Every ML training project runs into the data wall sooner rather than later. The truism that ‘he who has the most data wins’ applies with equal force whether you are a resource-rich giant or a hungry startup and as a consequence, the average project spends more than 80% of its time on acquiring, labelling and curating data. Even for big companies with plenty of cash, this presents a huge obstacle to progress so it is no surprise that project managers are turning to synthetic data to fill the need. This doesn’t, however, necessarily make the problems all go magically away. Using a simulator will solve many of the most pressing problems but unless careful attention is given to the whole workflow, an entirely new set of problems can quickly grow out of control.
With the right tools, however, we can stop looking at data creation as a problem and start looking at it as an opportunity.
With classical real-world data collection and labelling, the expenses in both time and cost are back-loaded.
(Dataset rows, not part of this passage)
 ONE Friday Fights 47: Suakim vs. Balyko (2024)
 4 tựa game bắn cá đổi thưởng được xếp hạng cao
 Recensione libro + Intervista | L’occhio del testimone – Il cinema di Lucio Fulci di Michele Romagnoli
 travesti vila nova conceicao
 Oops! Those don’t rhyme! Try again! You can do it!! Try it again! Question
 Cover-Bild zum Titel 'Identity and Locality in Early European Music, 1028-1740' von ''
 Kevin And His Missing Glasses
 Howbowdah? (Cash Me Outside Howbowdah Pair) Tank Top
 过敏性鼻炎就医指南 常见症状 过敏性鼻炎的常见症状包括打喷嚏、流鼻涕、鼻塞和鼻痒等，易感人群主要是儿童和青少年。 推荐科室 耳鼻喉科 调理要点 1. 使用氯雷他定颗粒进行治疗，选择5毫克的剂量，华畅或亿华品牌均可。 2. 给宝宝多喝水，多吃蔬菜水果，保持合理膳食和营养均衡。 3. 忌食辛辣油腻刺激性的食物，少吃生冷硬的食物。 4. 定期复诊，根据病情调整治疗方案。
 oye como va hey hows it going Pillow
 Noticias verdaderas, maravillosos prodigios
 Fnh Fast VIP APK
Although a recording session can be planned and completed in a few weeks, labelling the resulting data can take many, many man-months. With synthetic data, that part of the workflow comes more or less for free but at the cost of moving the heavy lifting to the earlier parts of the process and this is where the right tool makes all the difference.
The task of building a synthetic world starts with the asset creation and moves through world building and scenario programming before a single simulation run can begin. In the games world, this is where the vast majority of the costs lie so it is no accident that early efforts at acquiring synthetic training data centered around leveraging the expensively produced assets and gameplay of Grand Theft Auto: the teams doing that research had neither the skills nor the budget to create anything remotely comparable.
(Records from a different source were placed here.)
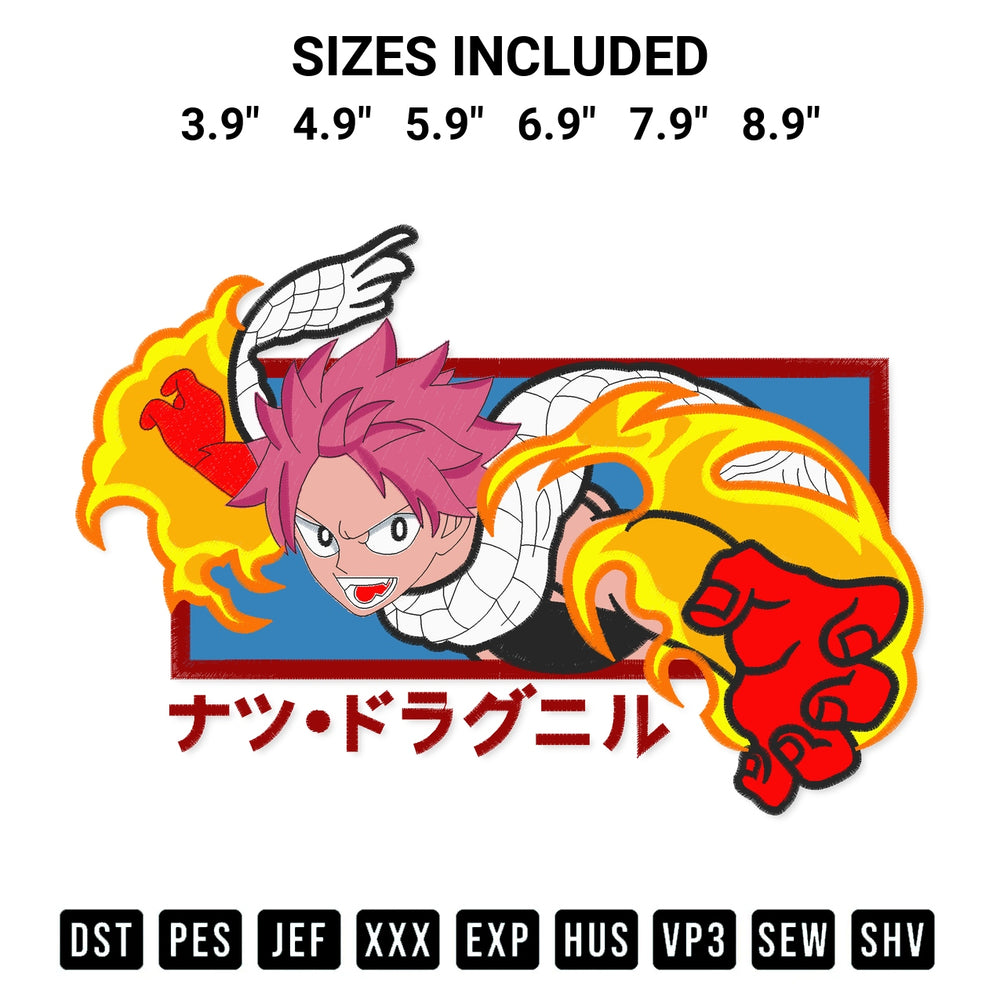 Get the Fire Punch Natsu Dragneel Embroidery Design embroidery design for your custom crafts! Premium digitized files available for instant download at Designspacks.com. Available sizes: 3.9", 4.9", 5.9", 6.9", 7.9", 8.9".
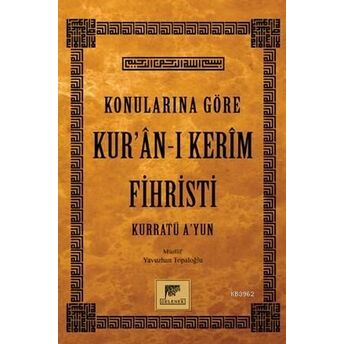 Konularına Göre Kur'an-I Kerim Fihristi Yavuzhan Topaloğlu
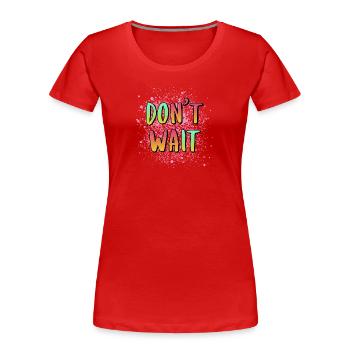 Don't Wait Do It - Frauen Premium Bio T-Shirt - Rot - Vorne - Mia (176cm)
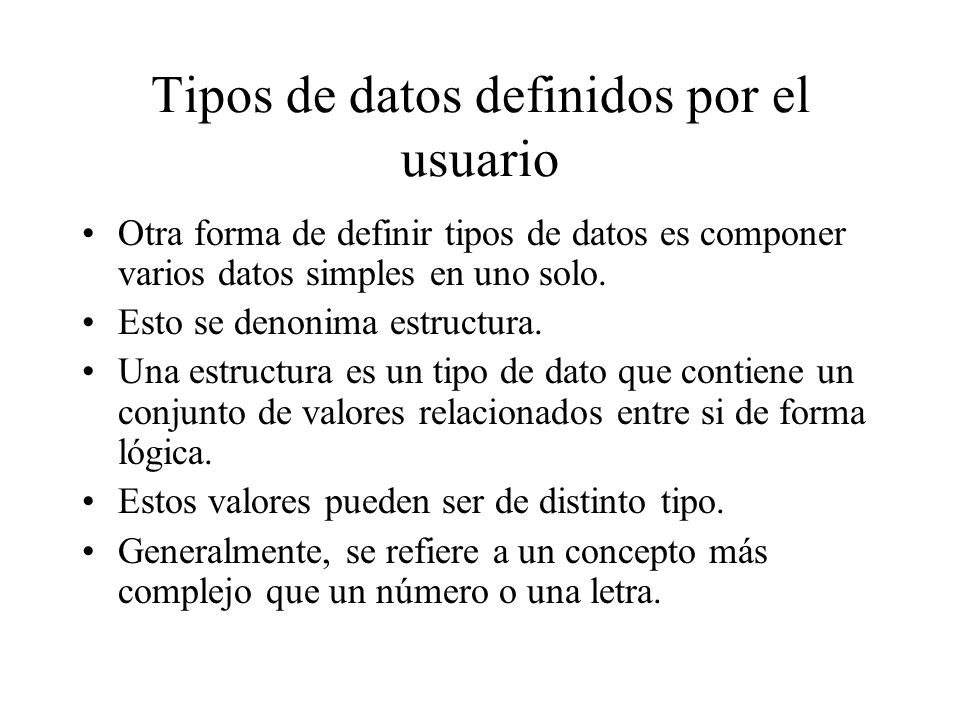 Tipos de datos definidos por el usuario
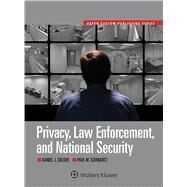 Privacy, Law Enforcement and National Security by Solove, Daniel J.; Schwartz, Paul M., 9781454861539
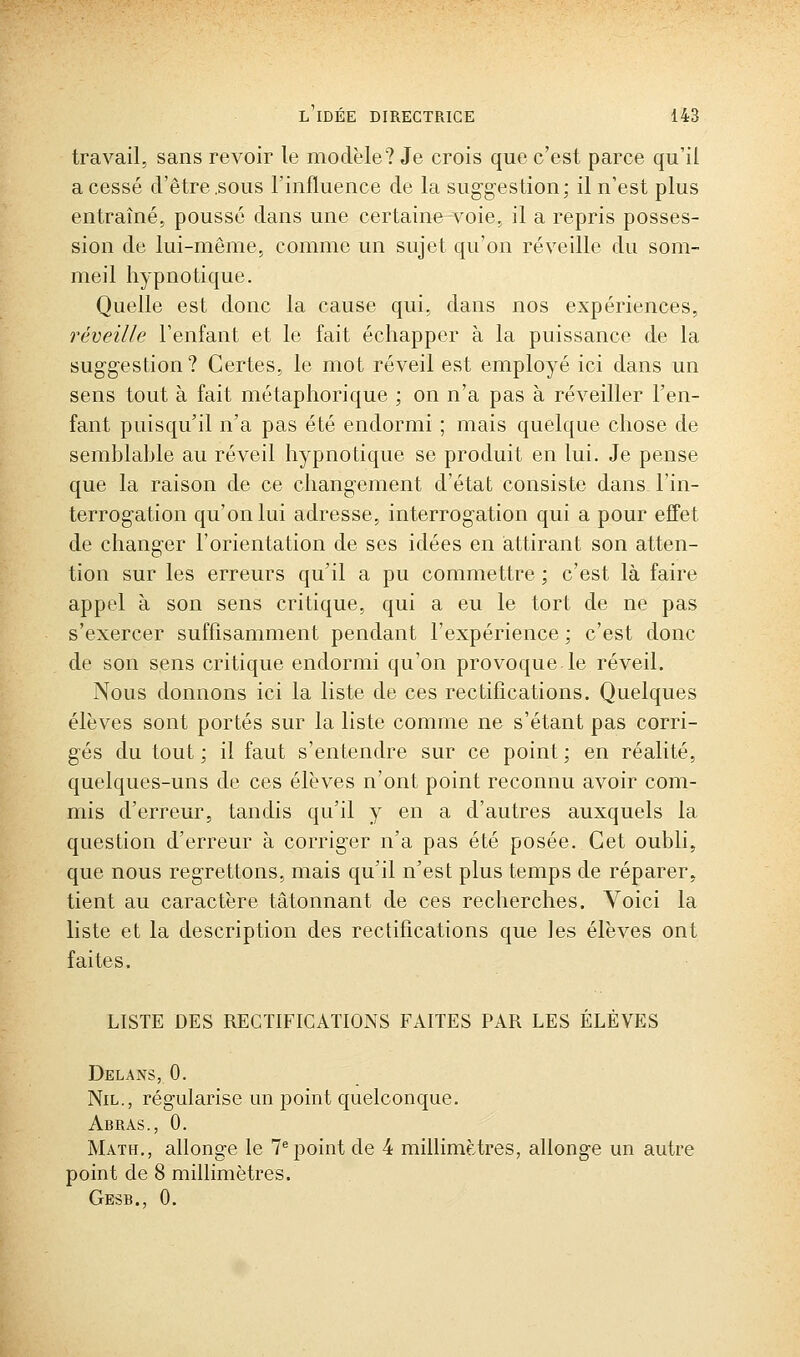 travail, sans revoir le modèle? Je crois que c'est parce qu'il a cessé d'être .sous rinfluence de la suggestion; il n'est plus entraîné, poussé dans une certaine voie, il a repris posses- sion de lui-même, comme un sujet qu'on réveille du som- meil hypnotique. Quelle est donc la cause qui, dans nos expériences, réveille l'enfant et le fait échapper à la puissance de la suggestion? Certes, le mot réveil est employé ici dans un sens tout à fait métaphorique ; on n'a pas à réveiller l'en- fant puisqu'il n'a pas été endormi ; mais quelque chose de semblable au réveil hypnotique se produit en lui. Je pense que la raison de ce changement d'état consiste dans l'in- terrogation qu'on lui adresse, interrogation qui a pour effet de changer l'orientation de ses idées en attirant son atten- tion sur les erreurs qu'il a pu commettre ; c'est là faire appel à son sens critique, qui a eu le tort de ne pas s'exercer suffisamment pendant l'expérience ; c'est donc de son sens critique endormi qu'on provoque le réveil. Nous donnons ici la liste de ces rectifications. Quelques élèves sont portés sur la liste comme ne s'étant pas corri- gés du tout ; il faut s'entendre sur ce point ; en réalité, quelques-uns de ces élèves n'ont point reconnu avoir com- mis d'erreur, tandis qu'il y en a d'autres auxquels la question d'erreur à corriger n'a pas été posée. Cet oubli, que nous regrettons, mais qu'il n'est plus temps de réparer, tient au caractère tâtonnant de ces recherches. Voici la liste et la description des rectifications que les élèves ont faites. LISTE DES RECTIFICATIONS FAITES PAR LES ÉLÈVES Delans, 0. Nil., régularise un point quelconque. Abras., 0. Math., allonge le 7^ point de 4 millimètres, allonge un autre point de 8 millimètres. Gesb., 0.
This free ride was quickly and emphatically closed down by the owner of GTA, which gives an indication of the value placed on assets by the game industry. It should also give the data science community a hint as to where they can create value for themselves.
For a data science team, being able to leverage the wide ecosystem of assets created for general visualization purposes is key to reducing the overhead of asset acquisition. This is the reason the Chameleon platform workflow starts with import of standard FBX assets into a coherent environment but the importance of starting the workflow at this point goes well beyond cost reduction and has implications for the scope and value of the entire data creation pipeline.
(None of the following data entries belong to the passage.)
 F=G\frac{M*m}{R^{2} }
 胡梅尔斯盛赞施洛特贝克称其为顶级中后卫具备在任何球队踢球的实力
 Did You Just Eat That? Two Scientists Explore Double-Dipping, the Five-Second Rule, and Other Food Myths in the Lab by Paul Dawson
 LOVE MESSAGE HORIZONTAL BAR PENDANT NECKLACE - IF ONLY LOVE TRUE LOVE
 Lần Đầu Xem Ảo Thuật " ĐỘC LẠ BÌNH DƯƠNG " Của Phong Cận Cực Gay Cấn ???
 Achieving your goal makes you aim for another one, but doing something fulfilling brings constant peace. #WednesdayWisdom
In a synthetic data creation environment, it is important to remember that the raw assets not the finished images are the source data and that the process of provisioning and curation, including labelling, starts at the point of import. This is a significant change from the existing mindset which regards acquired data as a fixed quantity that can be augmented in some very limited ways to one where the source data now becomes malleable and can be tuned and modified to suit the application during the creation process.
This simple concept of data malleability puts an incredibly powerful tool into the hands of the data science community and opens the door to a completely new way of working where training data now becomes another variable that can be tweaked during the training process.
The Chameleon platform recognizes the primary importance of this source data by providing an asset management tool that takes care of the import, provisioning, labelling and storage of these raw assets. Once imported into the system, these assets become discoverable and trackable using the same user-defined categorization and tagging scheme that will later on be employed by the training framework. As a result, not only will the source data for any particular simulation run be easily retrieved for data provenance purposes but curation/creation of new data can be made an automatic process driven by the results of previous training passes.
One of the more interesting and significant trends over the last couple of years has been the ongoing ‘whiteboxing’ of networks where tools now exist to look inside a network and examine, layer by layer, just what factors are influencing network performance. These tools are most often used to guide the tweaking of hyperparameters but they can equally well be used to judge whether more data is needed and give guidance on what it needs to be.
This combination of data malleability with network transparency opens up the prospect of iterative network training that includes the source data as one of the variables and from this powerful new ways of optimizing networks will emerge.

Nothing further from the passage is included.